The trade-off between development speed and pipeline maintainability is a constant for data engineers, especially for those in a rapidly evolving organization. Additional ingestions from data sources are frequently added on an as-needed basis, making it difficult to leverage shared functionality between pipelines. Identifying when technical debt is prohibitive for an organization can be difficult, but remedying it can be even more so.

As our customer's data engineering team grappled with their own technical debt, they identified the need for higher data quality enforcement, the consolidation of shared pipeline functionality, and a scalable way to implement complex business logic for their downstream data scientists and machine learning engineers.

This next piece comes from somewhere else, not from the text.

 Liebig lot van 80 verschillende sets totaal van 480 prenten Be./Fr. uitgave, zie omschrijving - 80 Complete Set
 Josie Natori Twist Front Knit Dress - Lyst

In this case study, we will explain how Quadratic designed our client's new new end-to-end pipeline architecture to make the creation of additional pipelines robust, maintainable and scalable, all while writing fewer lines of code with Apache Spark.

Original Architecture:

The original architecture designed to support our clients Annual Enrollment. start with the collection of data. Support for both internal and external sources were needed. For the internal sources, product teams was landing data in a staging area. For external sources, typical API Calls were made to land the same data. The data landed as JSON and the first thing was to convert it to Parquet. Depending on the requirements of the pipeline, a small amount of custom logic might be implemented. . All of the pipelines are run using oozie as an orchestrator and all logic is executed as combination of pig and hive jobs. Each pipeline is architected independently.

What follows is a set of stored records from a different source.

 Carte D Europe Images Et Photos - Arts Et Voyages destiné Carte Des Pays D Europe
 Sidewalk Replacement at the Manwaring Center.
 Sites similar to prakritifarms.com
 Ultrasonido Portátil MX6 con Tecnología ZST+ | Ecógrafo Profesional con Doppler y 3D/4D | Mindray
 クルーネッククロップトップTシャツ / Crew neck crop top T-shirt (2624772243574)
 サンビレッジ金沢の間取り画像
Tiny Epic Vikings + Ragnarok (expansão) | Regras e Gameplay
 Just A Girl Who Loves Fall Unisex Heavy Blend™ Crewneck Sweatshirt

In the last stage of processing, data sources that have similar structure and business rules were combined into a single table. This reduces the number of tables that would have to maintain. Lastly, the data was exposed via Hive Tables.

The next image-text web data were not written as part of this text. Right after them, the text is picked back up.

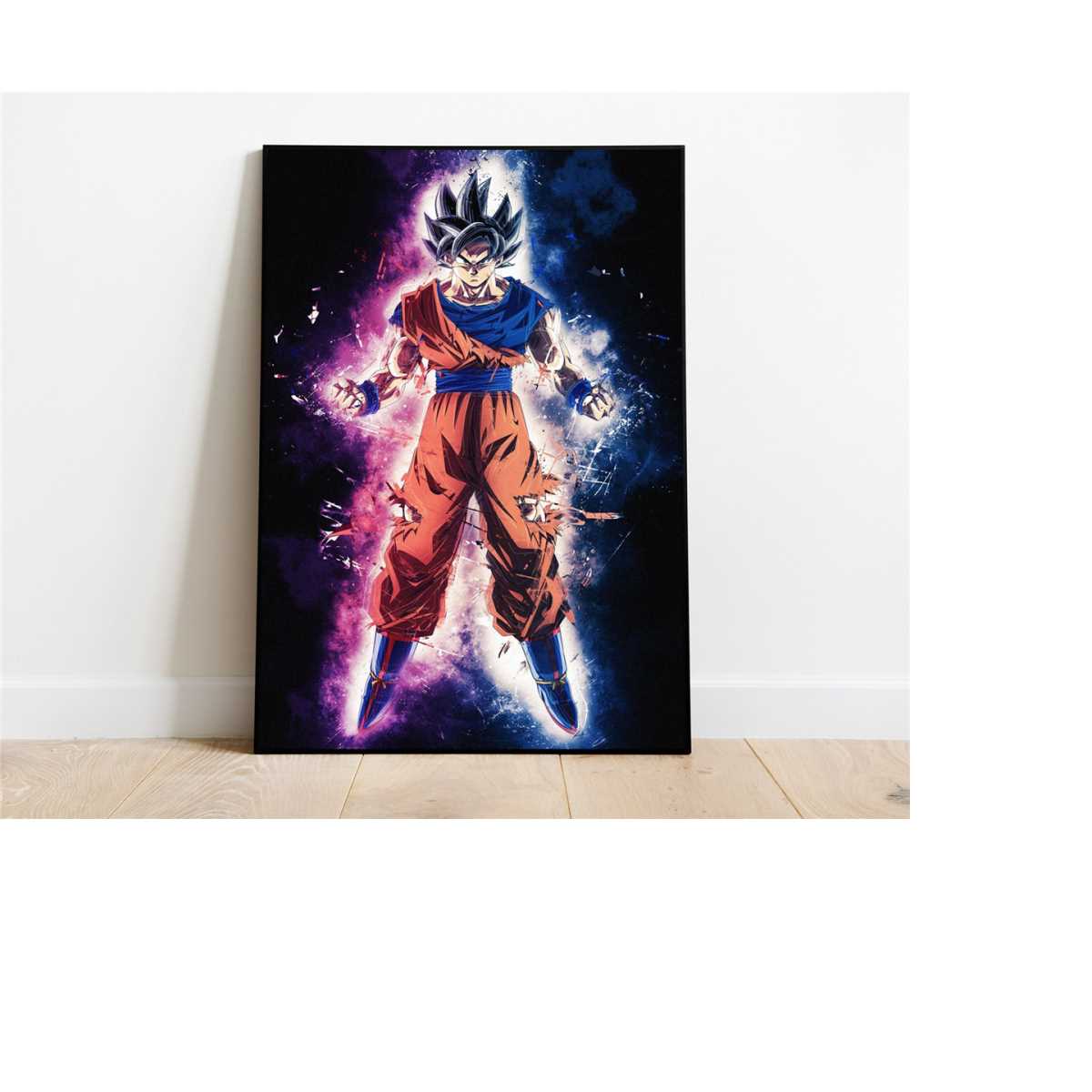 Ultra Instinct Son Goku Art Print Dragon Ball Z Anime Japane | Inspire ...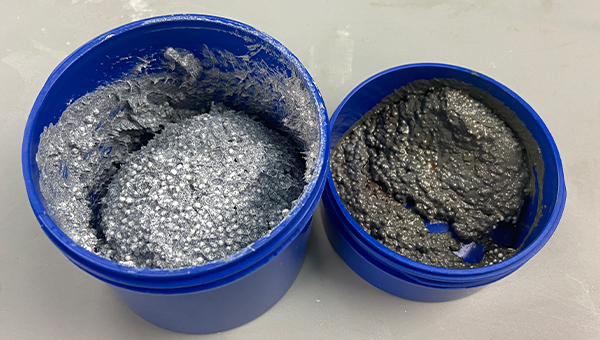 HR-8228大颗粒耐磨修补剂，球磨机进料管磨损用什么修补剂可修复，汇瑞工程师告诉你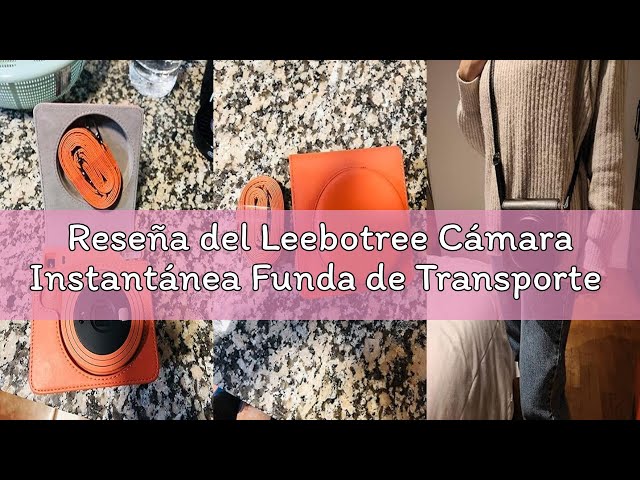 Vídeo relacionado con Berfea Funda Protectora para cámara Retro Compatible con Fujifilm Instax Square SQ1 Instant Camera PU Funda de Piel sintética, con Correa Ajustable para el Hombro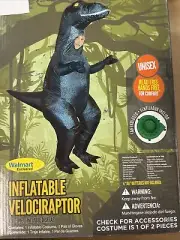 Jurassic World 2 Boys Inflatable Velociraptor Blue Halloween Costume With Sound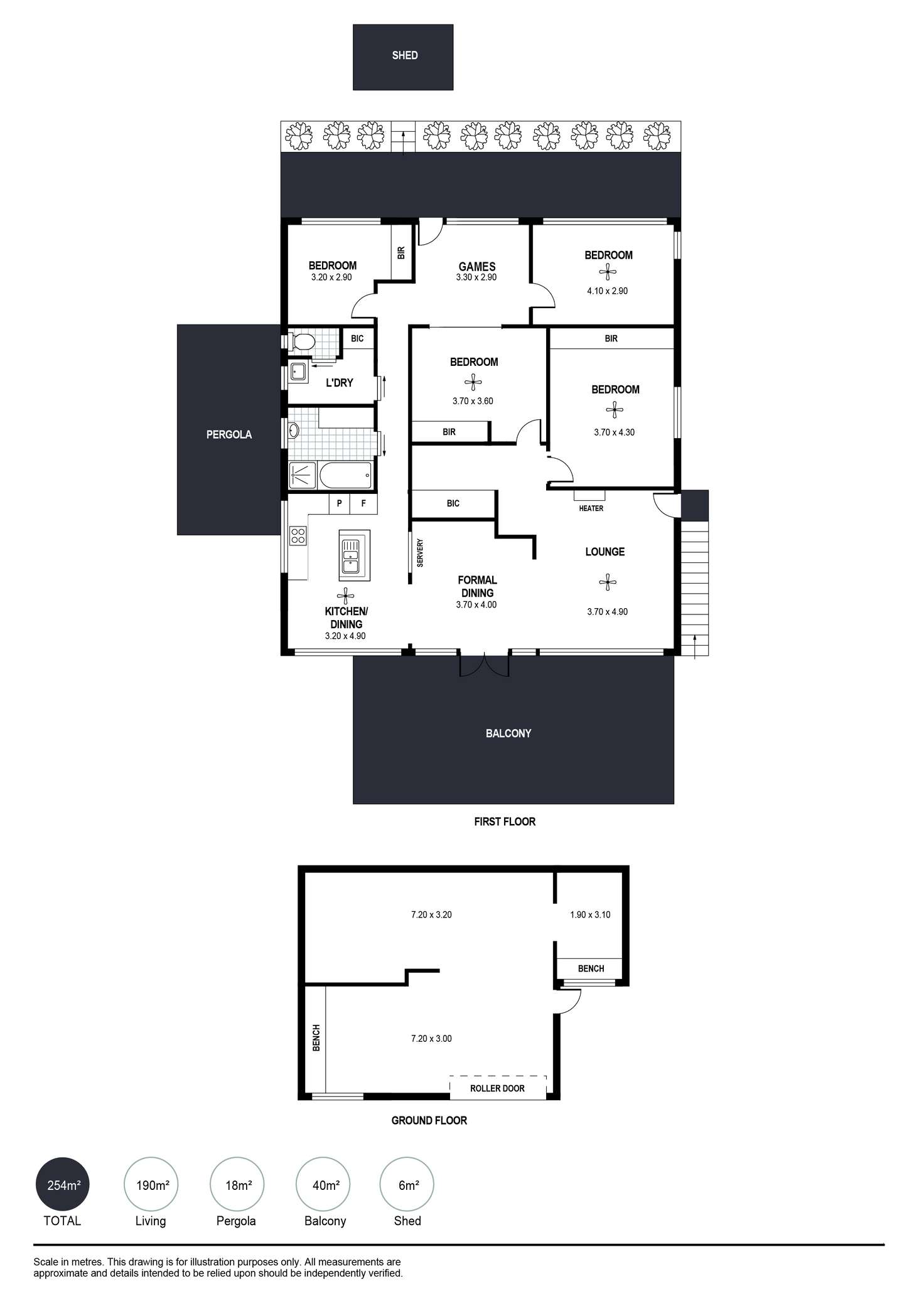 Floorplan of Homely house listing, 17 Swain Road, Victor Harbor SA 5211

Data Engineering Refactor Scope:

The original architecture evolved over time but continued to implement data pipelines using the older Hadoop technologies. The problem with this was two fold: (1) It was very difficult to on-board new data sources and (2) The pipelines were non-performant, buggy and the customer had to invest into monitoring of the jobs 24x7 with most this monitoring done manually because of short remediation time for SLAs . There was a huge opportunity to refactor these pipelines.

New Architecture:

In the new architecture, Spark/Scala was used to rewrite the pipelines with Airflow as an orchestration tool. The data was established in three distinct processing layers that now allow us to view data in various stages of the pipeline. The first we call the valid data set layer. This is a faithful representation of the source data with basic schema and data validations applied, and it’s primarily used for retaining historical data. Each hive table in this layer contains only one event where previously we left events embedded in JSON columns. This makes it easier to enforce schema now that we’re only handling one event at a time. The second is a serve data set. The exact transformations here vary by source, but we focus on preparing the valid data set for easy consumption. This is the first layer that we’ll expose to our downstream teams. The third and final layer is our data marts. We apply specific business logic to our serve data sets to present a denormalized view of the data. This layer is used to build objects to support aggregated data sets and reporting and can combine one or more serve data sets. depending on the context of the events. This greatly improved the quality because now one can broadly apply schema validation and data quality checks across all the pipelines.

Config Driven Ingestion

In the new architecture, we drive the generation of the pipeline through three components. The first component is a YAML configuration file that’s structured with a list of transforms, configurations to those transforms and information to construct the actual pipeline. Looking at the transform configurations piece, this should define all the information needed to configure the step. . The second component is a set of schema files that define how the data is structured in the three hive layers throughout our pipeline. We use these schema files to create the actual hive tables and to drive the schema validation step at the beginning of the pipeline. The third component is an orchestration library that parses the configuration files, constructs the ingest calls and other operational blocks relates those steps together and then constructs the airflow DAG and tasks.